I especially like the philosophy part. Despite attempts by the narrator to seem like an uncaring, disinterested-in-anything-but-hockey type, the philosophical part of the book is what makes this book stand out. The narrator has lots to say about family and growing up, how parents do their best, impart their personalities but the kids eventually find their own way. This - in a hockey sense - reminds me of Canadian rocker Neil Young`s biography: Shakey.
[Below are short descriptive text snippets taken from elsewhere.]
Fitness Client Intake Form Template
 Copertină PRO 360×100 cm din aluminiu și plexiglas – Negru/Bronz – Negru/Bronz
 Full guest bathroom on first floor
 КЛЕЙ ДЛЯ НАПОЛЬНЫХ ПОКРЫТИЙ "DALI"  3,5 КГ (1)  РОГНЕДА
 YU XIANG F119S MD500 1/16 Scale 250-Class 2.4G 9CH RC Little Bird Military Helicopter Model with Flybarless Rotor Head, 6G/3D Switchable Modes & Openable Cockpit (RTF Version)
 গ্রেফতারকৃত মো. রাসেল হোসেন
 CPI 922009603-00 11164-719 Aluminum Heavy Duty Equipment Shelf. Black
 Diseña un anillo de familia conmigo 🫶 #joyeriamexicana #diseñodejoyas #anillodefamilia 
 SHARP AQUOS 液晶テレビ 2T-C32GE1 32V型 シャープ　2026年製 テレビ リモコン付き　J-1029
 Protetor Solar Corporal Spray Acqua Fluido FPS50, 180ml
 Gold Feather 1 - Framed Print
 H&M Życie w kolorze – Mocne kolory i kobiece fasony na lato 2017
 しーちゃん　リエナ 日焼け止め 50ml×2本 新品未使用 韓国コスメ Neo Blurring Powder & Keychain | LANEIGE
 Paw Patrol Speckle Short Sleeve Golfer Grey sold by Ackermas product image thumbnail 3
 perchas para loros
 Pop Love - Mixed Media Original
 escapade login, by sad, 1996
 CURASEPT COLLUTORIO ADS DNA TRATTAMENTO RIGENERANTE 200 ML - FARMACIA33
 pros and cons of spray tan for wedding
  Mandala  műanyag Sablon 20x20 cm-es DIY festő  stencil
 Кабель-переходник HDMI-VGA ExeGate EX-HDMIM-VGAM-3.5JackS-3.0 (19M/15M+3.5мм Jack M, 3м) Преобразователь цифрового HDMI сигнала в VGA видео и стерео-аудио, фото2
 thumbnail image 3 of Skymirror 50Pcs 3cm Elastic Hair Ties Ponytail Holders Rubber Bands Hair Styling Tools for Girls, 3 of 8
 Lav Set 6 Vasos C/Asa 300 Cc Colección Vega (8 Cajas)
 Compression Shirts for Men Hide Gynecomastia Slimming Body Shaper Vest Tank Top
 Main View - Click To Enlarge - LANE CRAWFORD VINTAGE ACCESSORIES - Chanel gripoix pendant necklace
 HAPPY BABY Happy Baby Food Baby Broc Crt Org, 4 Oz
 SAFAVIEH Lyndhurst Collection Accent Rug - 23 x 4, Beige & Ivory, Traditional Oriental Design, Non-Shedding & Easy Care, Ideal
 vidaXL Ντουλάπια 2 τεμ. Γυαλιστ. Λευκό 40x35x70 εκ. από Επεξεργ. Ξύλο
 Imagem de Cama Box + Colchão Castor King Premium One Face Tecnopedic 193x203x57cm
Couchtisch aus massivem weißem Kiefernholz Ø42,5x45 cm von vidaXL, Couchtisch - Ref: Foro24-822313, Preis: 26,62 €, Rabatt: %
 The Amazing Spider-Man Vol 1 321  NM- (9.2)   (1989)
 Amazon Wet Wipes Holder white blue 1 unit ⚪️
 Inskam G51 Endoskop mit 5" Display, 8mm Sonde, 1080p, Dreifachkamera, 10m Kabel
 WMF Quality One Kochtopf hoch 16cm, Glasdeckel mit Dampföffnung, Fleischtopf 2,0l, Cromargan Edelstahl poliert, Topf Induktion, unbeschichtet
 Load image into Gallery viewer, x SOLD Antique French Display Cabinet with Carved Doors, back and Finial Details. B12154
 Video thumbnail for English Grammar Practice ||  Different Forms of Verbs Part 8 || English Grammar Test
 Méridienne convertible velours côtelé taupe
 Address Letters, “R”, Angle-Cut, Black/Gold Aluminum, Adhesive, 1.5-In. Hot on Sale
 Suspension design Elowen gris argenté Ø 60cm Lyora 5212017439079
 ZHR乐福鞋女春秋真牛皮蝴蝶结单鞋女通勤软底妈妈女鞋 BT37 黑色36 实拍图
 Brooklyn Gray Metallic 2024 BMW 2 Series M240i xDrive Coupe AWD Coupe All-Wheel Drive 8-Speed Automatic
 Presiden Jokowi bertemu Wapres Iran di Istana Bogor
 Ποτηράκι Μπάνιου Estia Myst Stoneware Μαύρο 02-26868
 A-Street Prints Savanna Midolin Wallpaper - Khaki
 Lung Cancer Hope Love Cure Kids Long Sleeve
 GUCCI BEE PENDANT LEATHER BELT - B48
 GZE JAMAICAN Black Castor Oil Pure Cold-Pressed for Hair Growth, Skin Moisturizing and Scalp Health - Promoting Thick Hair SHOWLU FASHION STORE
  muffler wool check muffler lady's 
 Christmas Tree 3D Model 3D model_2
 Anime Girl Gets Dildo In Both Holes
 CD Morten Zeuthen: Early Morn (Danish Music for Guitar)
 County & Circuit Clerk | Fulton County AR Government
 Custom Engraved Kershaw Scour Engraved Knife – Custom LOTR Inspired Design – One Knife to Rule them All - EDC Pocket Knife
Jimmie McDonough has a good time picking away at ol Neil. And so Robinson does with Harvey. And this is where I get to the sad part of this review. Just as I was getting into this part of the book, the philosophy of the game, the meat and guts of the human experience as purveyed through the narrator and intriguing character of Doug Harvey, I raised myself from my seat on the 7:50 Tube to Waterloo station. And as I raised myself from the seat, I left the book on the tube. (This is typical of me as I have been through several pairs of glasses and keys in the last year or two and I`m damned mad about it but I`m not so mad that I don`t wish to give this book a review.) So, the good news is that STFAHC is getting reviewed for the quality book it is and it might and probably will get an additional read by a distracted, overworked Londoner. The bad news is that I did not get to finish this book and so I will forever wonder what Harvey and the narrator did next. However this is a question that is not entirely a depressing one. I hope that readers will find this book and have a go through it. If you want to let me know what you think just do it.